The duration of the post-conflict transition has now lasted nearly as long as the war itself.

This April will mark the ninth anniversary of the People’s Movement that forced King Gyanendra to step aside, restore parliament and bring the Maoist guerrillas down from the mountains into an interim government. How many different ways can we say the same thing? The duration of the post-conflict transition has now lasted nearly as long as the war itself.

No one expected the peace process to be easy. The country was going from monarchy to republic, from war to peace. The inequality, injustice, discrimination and exclusion that were some of the precursors to the insurgency needed to be recognised and resolved through a new, genuinely democratic constitution.

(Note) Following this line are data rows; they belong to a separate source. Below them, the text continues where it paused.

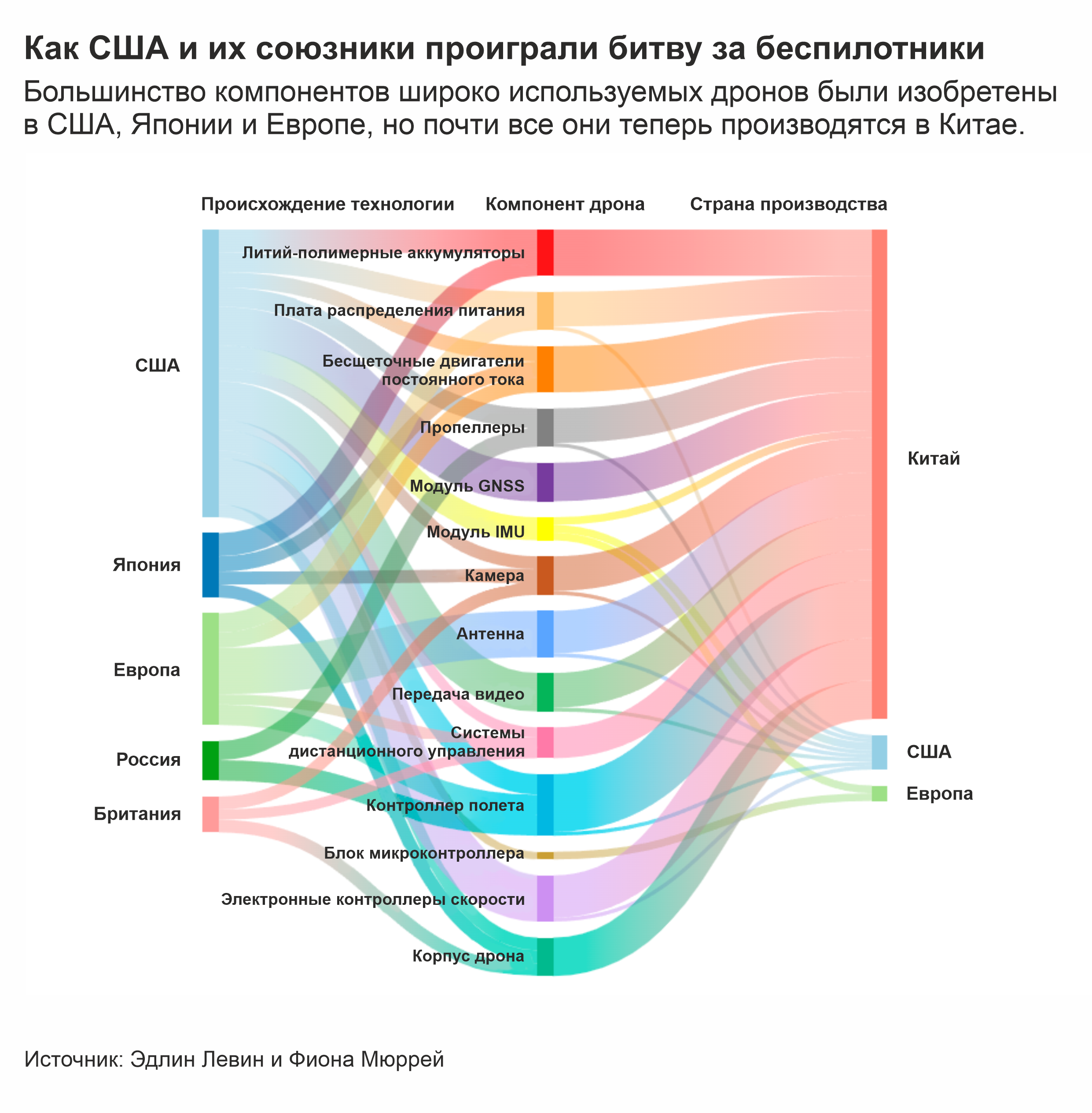 Смогут ли США и их союзники восстановить экономическую безопасность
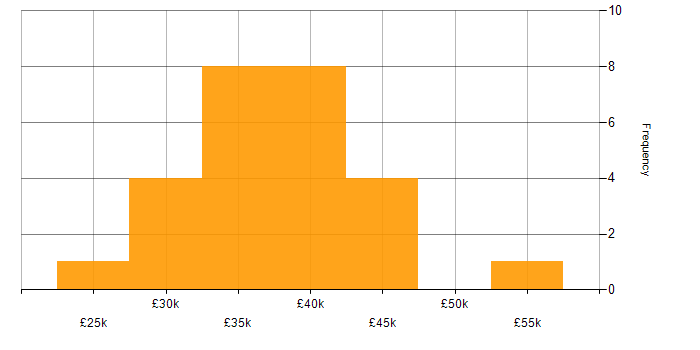 Salary histogram for Service Desk Specialist in England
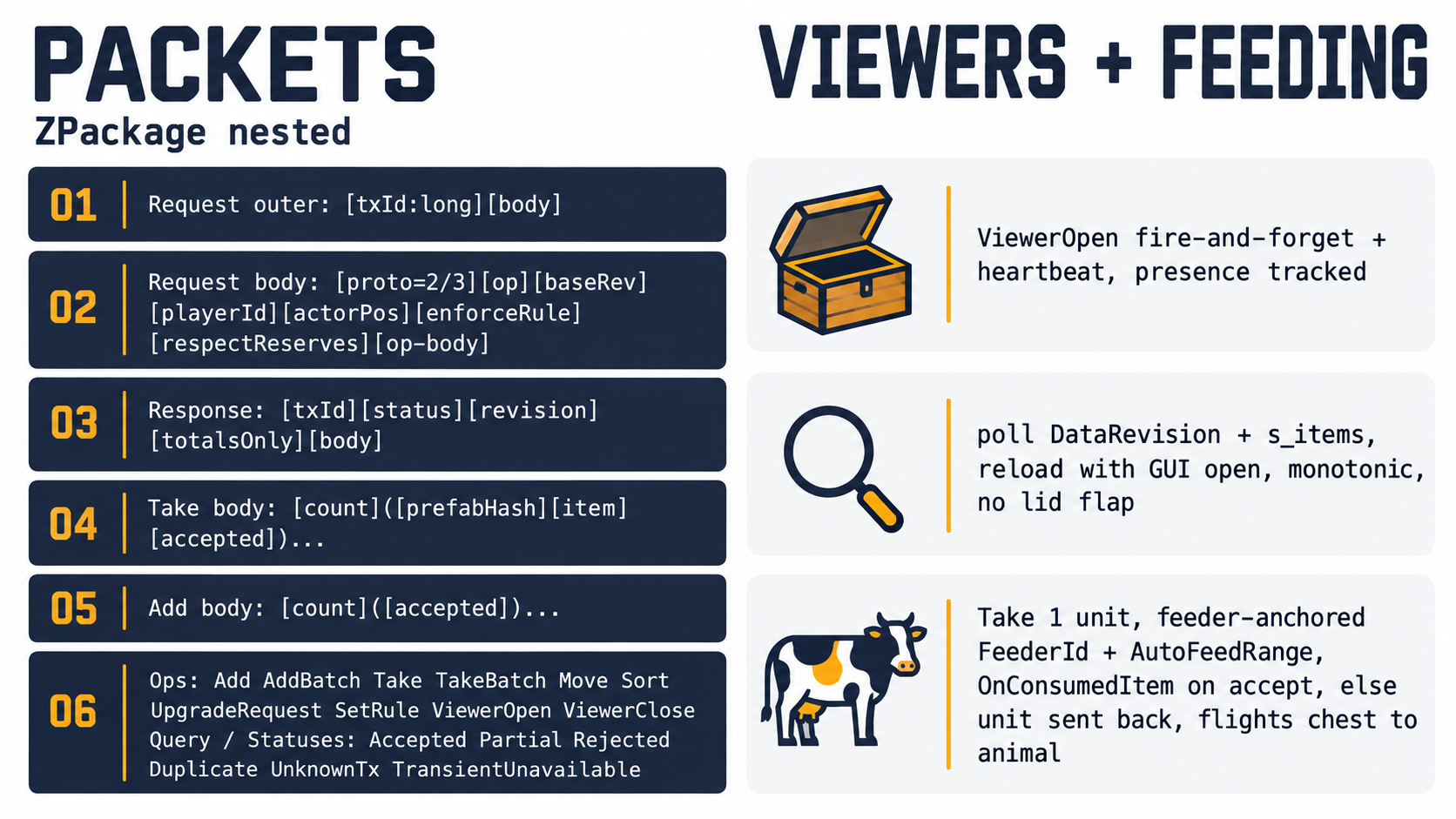Viewers and feeding cheat-sheet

To be sure, some significant achievements were made. Camps housing the Maoists were dismantled, and the guerrillas disarmed and demobilised. Some opted for golden handshakes, others were inducted into the national army. And despite the human and economic cost of the war, it did significantly make hitherto marginalised Nepalis aware of their rights. It forced the ruling class to grudgingly admit that it had for too long monopolised decision-making, neglecting or ignoring other castes and classes, regions and religions. Never before in Nepal’s history, through the Rana years to the Panchayat period, is the collective Nepali consciousness as alert to rights and justice as it is now.

But this has dragged on for too long. Many of us remember the elation of the ceasefire and restoration of democracy in April 2006. The sense of relief and optimism was palpable, finally we had a chance to reap the peace dividend, catch up with the lost decade of development, and address some of the underlying social issues.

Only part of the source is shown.